PT. SIM Diduga Picu Konflik Warga dan Manipulasi Anggaran, Pemda SBB Diminta Bertindak

oleh -102 Dilihat

Piru, Malukubarunews.com — Konflik sosial antara warga Dusun Pelita Jaya dan PT. SIM, perusahaan pengelola perkebunan pisang abaka yang beroperasi di Kabupaten Seram Bagian Barat (SBB), Provinsi Maluku, kini memasuki babak baru. Perusahaan tersebut dituding terlibat dalam skenario licik yang sengaja menciptakan konflik horizontal antarwarga demi menutupi penyalahgunaan anggaran investasi.

Dugaan ini disampaikan oleh tokoh pemuda SBB, Mozes Rutumalessy, dalam keterangannya di Piru, Sabtu (23/8/2025). Ia menilai, konflik yang belakangan berujung pada pembakaran dua unit excavator milik PT. SIM bukanlah insiden murni, melainkan bagian dari strategi perusahaan.

Padahal ada indikasi kuat, bahwa PT. SIM sendiri yang memfasilitasi oknum masyarakat untuk membakar excavator milik mereka sendiri,” kata Mozes Rutumalessy.

Ia menambahkan, perusahaan seolah ingin membangun narasi seolah menjadi korban, padahal dugaan kuat menunjukkan perusahaan sebagai pemicu utama konflik sosial di wilayah tersebut.

Menurut Rutumalessy, skenario konflik ini berkaitan erat dengan dugaan spekulasi keuangan yang dilakukan oleh PT. SIM. Berdasarkan data yang dikantonginya, terdapat ketidaksesuaian antara Laporan Kinerja Penanaman Modal (LKPM) perusahaan dengan keterangan yang disampaikan saat kunjungan Gubernur Maluku pada 23 Juni 2025.

LKPM PT. SIM untuk Triwulan I dan II hanya mencatat Rp400,48 miliar. Namun dalam presentasi saat kunjungan Gubernur, pihak perusahaan menyebut sudah menginvestasikan Rp500 miliar, dan dua minggu kemudian, kembali melaporkan anggaran telah bertambah Rp100 miliar menjadi Rp600 miliar. Ini janggal dan terlalu cepat,” tegasnya.

Ketidaksesuaian data tersebut menurutnya patut dicurigai sebagai upaya untuk menutupi penyalahgunaan dana perusahaan, dengan memanfaatkan konflik sosial sebagai pengalih perhatian.

Pertanyaannya, dana tambahan Rp100 miliar itu digunakan untuk apa? Tidak ada transparansi, dan waktunya terlalu singkat untuk penggunaan anggaran sebesar itu,” ungkap  Rutumalessy.

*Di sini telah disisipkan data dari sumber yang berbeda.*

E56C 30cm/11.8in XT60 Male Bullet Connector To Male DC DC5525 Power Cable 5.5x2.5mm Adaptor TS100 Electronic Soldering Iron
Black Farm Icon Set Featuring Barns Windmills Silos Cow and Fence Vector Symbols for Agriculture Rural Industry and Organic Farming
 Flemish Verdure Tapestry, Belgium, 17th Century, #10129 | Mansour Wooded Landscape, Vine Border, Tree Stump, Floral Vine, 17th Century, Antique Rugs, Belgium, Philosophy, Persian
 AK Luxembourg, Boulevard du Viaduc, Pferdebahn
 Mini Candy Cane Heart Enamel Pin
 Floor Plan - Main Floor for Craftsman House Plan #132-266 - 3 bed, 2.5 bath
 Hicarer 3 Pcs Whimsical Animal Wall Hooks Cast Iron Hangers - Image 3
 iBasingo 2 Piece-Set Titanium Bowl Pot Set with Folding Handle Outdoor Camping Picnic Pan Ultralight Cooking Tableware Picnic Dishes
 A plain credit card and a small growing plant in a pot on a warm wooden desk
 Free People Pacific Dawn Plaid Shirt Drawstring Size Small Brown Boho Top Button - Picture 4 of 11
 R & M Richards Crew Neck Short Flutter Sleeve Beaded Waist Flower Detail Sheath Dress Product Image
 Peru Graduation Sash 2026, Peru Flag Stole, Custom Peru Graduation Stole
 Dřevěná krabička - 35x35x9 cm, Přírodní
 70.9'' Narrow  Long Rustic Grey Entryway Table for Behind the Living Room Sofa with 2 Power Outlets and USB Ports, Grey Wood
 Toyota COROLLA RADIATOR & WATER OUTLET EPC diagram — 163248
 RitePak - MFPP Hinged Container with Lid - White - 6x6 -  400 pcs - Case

Lebih jauh, Rutumalessy juga membeberkan inkonsistensi pernyataan PT. SIM dalam Rapat Dengar Pendapat (RDP) bersama DPRD setempat, terkait pemutusan hubungan kerja terhadap 424 karyawan.

Mereka bilang itu bukan PHK, melainkan habis kontrak, dan pesangon sudah dibayar. Tapi justru PT. SIM yang memfasilitasi demo dan pemalangan oleh masyarakat untuk menuntut pekerja kembali dipekerjakan. Ini modus gaya baru, untuk menunjukkan pada pemodal bahwa mereka bekerja maksimal, tapi daerah tak mendukung,” ungkapnya.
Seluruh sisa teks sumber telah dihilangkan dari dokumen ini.